[Stored entries]
Start of Block
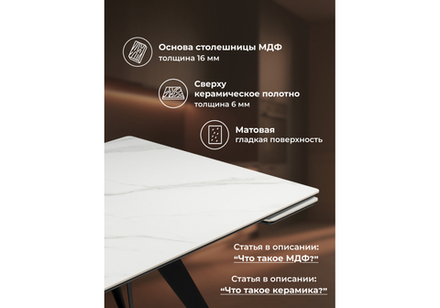 Керамический стол Woodville Дарвин 160(220)х89 белый мрамор snow white, черный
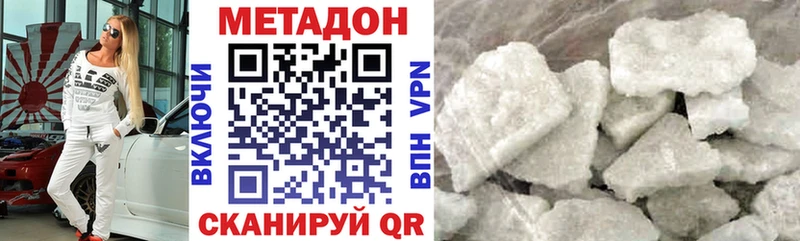 Метадон белоснежный магазин наркотиков Севск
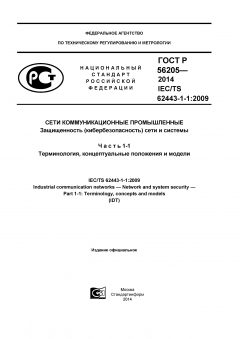 ГОСТ Р 56205-2014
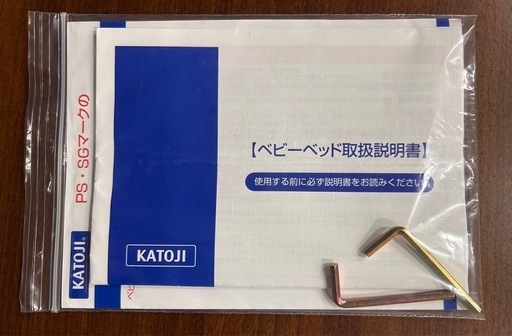 ミニベビーベッド　KATOJI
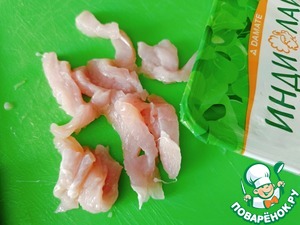 Салат Кобб с индейкой и шампиньонами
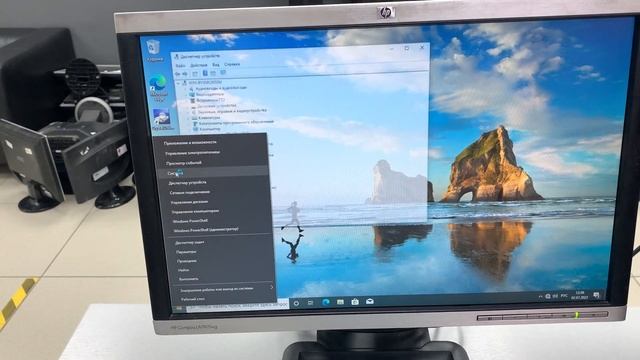 Intel Core i5 - 10400F / Память 16Gb / 8Gb GeForce RTX 3060 Ti / SSD 256Gb / HDD 3000Gb / ATX смотреть онлайн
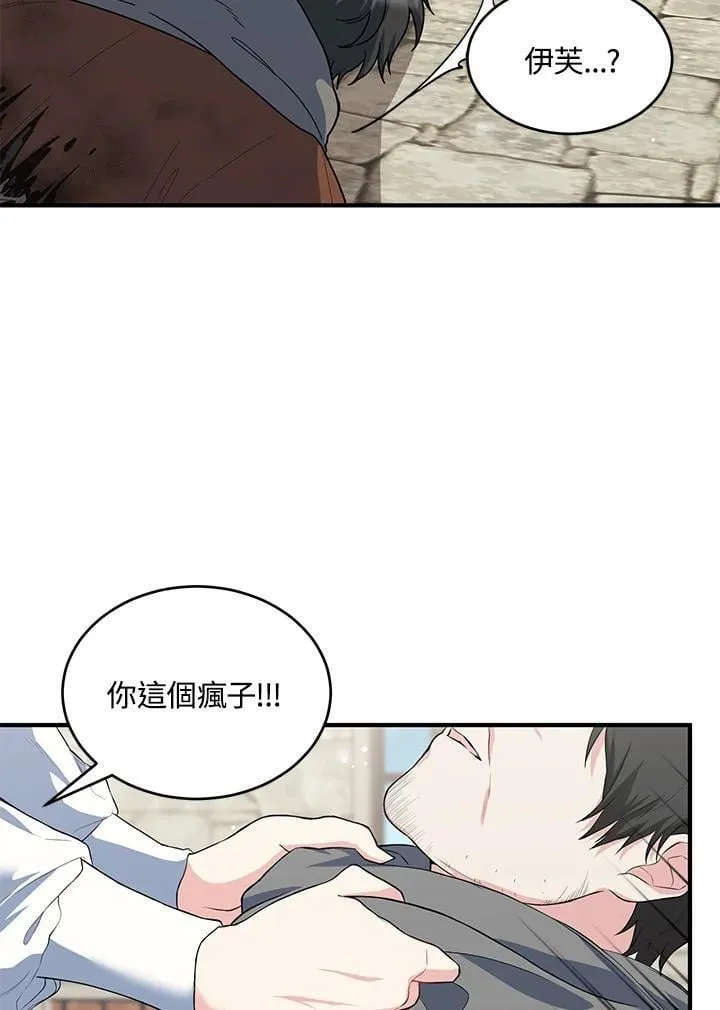 第18话 第5页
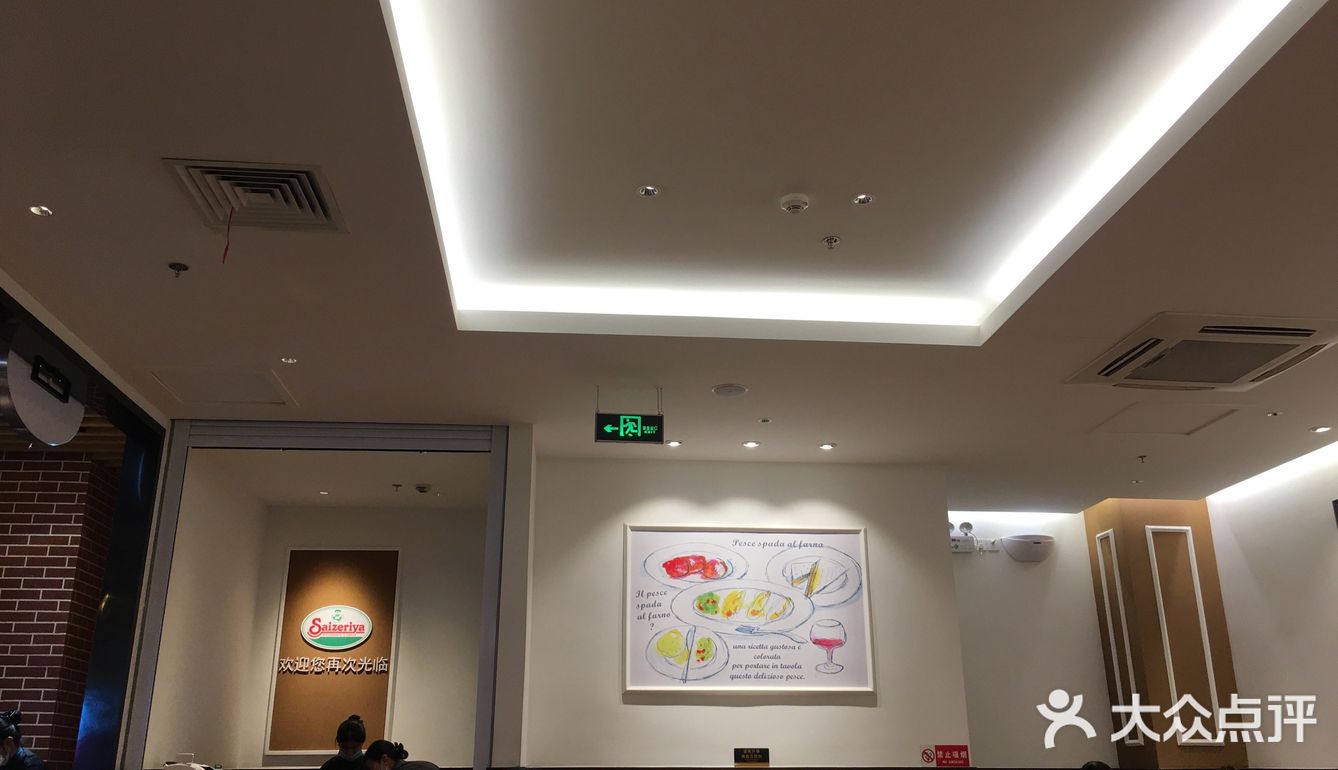 性价比超级高，一份意面才十来块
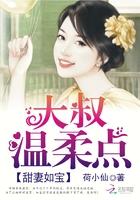 大叔宠宠宠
End of Block
▶ TASK: All lines from the one bearing "Салат Кобб с индейкой и шампиньонами" through the last line of the records, and only those, should be duplicated exactly; no picture belongs in the copy.

▶ SOLUTION TO THE PROBLEM:
 Салат Кобб с индейкой и шампиньонами
 Intel Core i5 - 10400F / Память 16Gb / 8Gb GeForce RTX 3060 Ti / SSD 256Gb / HDD 3000Gb / ATX смотреть онлайн
 第18话 第5页
 性价比超级高，一份意面才十来块
 大叔宠宠宠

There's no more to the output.